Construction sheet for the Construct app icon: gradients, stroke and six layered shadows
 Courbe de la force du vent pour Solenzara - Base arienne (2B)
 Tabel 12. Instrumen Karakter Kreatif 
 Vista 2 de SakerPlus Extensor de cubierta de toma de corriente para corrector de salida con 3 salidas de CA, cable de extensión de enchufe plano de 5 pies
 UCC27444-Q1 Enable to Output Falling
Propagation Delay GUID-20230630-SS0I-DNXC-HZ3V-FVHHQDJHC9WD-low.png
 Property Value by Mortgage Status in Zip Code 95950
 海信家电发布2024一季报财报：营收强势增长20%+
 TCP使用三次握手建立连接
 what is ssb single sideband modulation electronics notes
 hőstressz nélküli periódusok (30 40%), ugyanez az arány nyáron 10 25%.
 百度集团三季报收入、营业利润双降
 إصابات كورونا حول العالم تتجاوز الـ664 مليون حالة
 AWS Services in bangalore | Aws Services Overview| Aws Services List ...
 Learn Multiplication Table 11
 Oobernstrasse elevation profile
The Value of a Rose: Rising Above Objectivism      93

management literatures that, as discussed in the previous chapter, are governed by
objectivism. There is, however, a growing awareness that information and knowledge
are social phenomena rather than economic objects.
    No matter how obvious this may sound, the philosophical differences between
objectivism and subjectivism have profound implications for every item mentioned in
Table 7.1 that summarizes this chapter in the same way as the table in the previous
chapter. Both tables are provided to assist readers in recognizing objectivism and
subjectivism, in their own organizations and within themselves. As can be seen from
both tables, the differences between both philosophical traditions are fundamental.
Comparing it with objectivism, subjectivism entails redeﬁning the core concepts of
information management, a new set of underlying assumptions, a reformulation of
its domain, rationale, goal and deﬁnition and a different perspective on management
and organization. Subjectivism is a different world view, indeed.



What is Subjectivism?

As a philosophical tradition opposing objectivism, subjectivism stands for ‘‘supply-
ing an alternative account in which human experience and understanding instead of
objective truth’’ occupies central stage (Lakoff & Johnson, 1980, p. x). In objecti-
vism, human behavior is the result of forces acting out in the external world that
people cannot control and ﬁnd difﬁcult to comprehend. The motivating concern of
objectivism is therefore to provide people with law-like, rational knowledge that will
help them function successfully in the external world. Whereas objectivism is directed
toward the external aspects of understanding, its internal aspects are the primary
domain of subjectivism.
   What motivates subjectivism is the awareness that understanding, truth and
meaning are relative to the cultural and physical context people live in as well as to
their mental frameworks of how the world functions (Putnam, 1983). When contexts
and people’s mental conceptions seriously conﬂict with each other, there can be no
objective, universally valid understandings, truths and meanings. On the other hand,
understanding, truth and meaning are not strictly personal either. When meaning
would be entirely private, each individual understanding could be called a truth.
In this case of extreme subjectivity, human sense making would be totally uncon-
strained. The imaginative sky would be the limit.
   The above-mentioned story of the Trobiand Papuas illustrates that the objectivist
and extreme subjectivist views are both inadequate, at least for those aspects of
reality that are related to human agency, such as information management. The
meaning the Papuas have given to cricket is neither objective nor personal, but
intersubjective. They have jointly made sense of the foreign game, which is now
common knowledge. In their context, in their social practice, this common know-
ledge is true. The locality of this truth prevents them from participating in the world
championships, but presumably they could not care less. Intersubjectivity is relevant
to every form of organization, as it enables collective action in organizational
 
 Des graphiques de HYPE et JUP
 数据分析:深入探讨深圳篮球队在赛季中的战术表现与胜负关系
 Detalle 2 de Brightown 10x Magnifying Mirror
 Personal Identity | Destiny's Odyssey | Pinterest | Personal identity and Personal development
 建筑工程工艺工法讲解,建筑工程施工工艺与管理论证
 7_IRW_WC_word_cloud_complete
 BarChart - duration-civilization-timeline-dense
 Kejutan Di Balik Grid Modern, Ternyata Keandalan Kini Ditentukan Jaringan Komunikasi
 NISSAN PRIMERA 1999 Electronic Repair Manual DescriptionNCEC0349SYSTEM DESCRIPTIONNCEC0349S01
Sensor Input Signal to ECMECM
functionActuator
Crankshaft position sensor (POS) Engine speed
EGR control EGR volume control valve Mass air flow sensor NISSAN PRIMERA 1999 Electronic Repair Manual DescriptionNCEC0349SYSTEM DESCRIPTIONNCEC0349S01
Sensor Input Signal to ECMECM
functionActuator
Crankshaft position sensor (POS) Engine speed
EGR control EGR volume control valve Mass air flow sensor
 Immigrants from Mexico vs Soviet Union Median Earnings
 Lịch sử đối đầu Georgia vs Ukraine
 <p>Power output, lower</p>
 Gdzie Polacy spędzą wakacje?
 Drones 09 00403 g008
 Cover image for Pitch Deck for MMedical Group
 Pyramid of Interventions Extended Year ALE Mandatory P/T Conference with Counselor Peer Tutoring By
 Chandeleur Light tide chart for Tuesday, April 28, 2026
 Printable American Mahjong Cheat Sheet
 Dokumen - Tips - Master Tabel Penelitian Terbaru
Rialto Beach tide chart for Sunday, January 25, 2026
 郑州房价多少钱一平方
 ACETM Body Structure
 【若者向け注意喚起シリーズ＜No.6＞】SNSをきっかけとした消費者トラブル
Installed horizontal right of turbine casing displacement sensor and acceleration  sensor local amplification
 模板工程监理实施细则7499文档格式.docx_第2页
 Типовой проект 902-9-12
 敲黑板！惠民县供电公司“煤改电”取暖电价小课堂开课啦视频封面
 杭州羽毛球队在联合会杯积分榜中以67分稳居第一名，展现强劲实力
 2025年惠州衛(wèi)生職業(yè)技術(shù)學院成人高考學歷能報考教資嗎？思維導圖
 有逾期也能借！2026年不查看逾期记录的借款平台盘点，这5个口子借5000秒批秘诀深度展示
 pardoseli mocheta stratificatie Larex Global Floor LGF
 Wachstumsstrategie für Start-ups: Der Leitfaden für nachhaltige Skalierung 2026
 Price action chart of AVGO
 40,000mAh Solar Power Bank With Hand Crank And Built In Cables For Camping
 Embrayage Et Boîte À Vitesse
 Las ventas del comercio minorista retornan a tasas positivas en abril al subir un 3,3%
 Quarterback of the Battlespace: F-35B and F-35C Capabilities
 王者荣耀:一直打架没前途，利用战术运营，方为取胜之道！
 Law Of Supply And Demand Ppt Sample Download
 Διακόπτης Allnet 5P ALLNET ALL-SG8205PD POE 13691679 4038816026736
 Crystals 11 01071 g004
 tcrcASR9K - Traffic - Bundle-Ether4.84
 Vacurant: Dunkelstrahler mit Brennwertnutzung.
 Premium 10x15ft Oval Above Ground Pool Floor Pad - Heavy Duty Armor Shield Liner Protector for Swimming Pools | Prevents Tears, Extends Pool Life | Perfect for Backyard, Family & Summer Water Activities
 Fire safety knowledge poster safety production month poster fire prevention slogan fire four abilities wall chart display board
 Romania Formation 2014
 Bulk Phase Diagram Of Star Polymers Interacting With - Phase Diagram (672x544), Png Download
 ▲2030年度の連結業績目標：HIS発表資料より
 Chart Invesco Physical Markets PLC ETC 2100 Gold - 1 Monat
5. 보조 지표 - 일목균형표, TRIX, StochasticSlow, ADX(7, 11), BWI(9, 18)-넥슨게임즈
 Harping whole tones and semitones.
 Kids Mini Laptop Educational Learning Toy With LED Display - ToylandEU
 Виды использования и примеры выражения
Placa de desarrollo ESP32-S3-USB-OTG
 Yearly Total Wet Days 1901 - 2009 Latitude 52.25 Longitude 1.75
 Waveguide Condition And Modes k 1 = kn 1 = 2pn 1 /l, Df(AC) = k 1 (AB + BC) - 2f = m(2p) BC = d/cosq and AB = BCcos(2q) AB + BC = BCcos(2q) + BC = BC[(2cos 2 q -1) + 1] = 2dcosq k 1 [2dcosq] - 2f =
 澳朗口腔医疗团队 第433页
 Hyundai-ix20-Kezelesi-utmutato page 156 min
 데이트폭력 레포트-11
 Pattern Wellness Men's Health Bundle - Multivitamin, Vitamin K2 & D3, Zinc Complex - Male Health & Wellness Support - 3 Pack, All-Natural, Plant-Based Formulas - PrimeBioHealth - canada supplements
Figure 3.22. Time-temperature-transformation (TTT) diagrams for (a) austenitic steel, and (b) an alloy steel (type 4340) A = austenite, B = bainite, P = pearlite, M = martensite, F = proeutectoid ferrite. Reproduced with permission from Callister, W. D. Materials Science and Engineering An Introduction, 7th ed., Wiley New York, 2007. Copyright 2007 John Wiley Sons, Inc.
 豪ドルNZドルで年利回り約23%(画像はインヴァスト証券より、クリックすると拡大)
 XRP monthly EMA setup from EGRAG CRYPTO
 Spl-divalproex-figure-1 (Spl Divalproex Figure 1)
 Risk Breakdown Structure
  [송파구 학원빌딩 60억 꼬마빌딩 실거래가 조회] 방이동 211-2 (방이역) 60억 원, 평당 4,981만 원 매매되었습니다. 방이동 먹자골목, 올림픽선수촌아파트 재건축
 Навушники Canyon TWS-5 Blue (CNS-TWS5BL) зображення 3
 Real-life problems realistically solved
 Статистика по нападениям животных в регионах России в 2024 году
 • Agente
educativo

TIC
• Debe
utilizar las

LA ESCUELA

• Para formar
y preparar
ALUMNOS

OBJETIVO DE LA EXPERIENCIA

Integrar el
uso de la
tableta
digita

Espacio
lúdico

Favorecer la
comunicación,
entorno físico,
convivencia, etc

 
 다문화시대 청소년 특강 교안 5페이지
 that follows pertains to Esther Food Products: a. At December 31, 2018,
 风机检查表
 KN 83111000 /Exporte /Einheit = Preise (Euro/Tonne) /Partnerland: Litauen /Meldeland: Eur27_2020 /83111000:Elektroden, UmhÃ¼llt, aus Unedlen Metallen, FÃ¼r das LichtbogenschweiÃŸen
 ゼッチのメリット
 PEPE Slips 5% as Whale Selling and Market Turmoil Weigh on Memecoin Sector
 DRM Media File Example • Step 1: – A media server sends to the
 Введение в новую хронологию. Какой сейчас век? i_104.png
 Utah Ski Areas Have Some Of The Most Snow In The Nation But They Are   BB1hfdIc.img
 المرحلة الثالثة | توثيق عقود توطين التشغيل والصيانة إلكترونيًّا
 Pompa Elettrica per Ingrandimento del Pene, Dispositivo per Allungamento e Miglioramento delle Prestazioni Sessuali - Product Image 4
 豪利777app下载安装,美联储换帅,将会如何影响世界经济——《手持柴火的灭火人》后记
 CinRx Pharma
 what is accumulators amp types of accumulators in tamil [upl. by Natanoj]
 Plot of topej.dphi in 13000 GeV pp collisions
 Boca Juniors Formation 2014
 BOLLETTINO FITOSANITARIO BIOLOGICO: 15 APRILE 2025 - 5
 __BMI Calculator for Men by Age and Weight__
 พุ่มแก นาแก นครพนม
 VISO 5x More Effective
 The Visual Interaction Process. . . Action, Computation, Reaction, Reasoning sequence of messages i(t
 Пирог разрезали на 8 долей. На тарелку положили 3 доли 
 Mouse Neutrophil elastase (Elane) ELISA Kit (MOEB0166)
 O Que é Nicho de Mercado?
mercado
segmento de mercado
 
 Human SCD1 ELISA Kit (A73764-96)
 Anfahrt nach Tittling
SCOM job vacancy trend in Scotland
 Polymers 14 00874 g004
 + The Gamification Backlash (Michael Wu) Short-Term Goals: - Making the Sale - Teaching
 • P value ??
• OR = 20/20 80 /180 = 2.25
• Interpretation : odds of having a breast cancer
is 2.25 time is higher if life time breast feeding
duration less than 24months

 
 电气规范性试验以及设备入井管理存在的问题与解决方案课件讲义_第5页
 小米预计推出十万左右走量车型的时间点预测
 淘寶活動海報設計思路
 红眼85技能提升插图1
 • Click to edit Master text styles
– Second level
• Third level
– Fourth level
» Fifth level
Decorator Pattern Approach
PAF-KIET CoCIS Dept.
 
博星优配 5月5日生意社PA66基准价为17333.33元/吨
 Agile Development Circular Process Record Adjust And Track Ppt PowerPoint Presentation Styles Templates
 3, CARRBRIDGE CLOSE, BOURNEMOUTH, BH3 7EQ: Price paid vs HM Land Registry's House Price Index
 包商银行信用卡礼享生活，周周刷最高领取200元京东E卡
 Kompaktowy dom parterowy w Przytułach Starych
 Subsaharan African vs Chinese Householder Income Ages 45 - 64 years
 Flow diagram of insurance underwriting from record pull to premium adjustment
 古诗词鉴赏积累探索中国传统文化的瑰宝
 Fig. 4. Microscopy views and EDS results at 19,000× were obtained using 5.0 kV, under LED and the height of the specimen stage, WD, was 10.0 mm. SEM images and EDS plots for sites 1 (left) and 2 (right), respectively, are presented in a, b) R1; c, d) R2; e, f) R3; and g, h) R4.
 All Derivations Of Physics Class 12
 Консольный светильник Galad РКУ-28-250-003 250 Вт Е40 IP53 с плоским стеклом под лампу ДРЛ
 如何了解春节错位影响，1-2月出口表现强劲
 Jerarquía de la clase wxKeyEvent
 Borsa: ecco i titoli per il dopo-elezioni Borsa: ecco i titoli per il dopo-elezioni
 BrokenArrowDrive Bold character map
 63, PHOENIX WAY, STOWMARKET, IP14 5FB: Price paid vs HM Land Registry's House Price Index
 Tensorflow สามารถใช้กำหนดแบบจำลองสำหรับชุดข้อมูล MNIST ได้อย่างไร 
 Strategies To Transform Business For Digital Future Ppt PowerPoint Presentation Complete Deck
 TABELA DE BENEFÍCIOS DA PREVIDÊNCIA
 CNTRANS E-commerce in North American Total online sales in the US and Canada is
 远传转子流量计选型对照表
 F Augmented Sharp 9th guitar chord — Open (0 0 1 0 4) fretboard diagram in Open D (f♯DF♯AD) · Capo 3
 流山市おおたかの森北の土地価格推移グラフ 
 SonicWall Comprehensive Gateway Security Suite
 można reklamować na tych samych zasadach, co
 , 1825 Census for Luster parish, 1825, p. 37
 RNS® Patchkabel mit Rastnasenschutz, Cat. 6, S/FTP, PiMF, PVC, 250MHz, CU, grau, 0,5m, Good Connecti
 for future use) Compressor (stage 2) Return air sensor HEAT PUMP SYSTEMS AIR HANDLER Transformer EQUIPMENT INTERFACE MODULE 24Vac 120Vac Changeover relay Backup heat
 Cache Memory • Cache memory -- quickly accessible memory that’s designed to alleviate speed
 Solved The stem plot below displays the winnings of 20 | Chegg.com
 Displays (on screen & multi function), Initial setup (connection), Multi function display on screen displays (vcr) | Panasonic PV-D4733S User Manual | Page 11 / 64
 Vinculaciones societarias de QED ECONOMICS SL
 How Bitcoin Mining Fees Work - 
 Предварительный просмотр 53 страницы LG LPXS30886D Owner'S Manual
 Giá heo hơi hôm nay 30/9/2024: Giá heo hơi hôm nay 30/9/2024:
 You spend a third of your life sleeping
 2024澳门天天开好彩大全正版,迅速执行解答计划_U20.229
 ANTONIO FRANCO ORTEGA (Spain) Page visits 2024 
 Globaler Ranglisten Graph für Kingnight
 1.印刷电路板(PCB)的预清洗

──────

§ Action item
Reproduce all lines from the records above that include the word "level".

§ Task output
– Second level
• Third level
– Fourth level
» Fifth level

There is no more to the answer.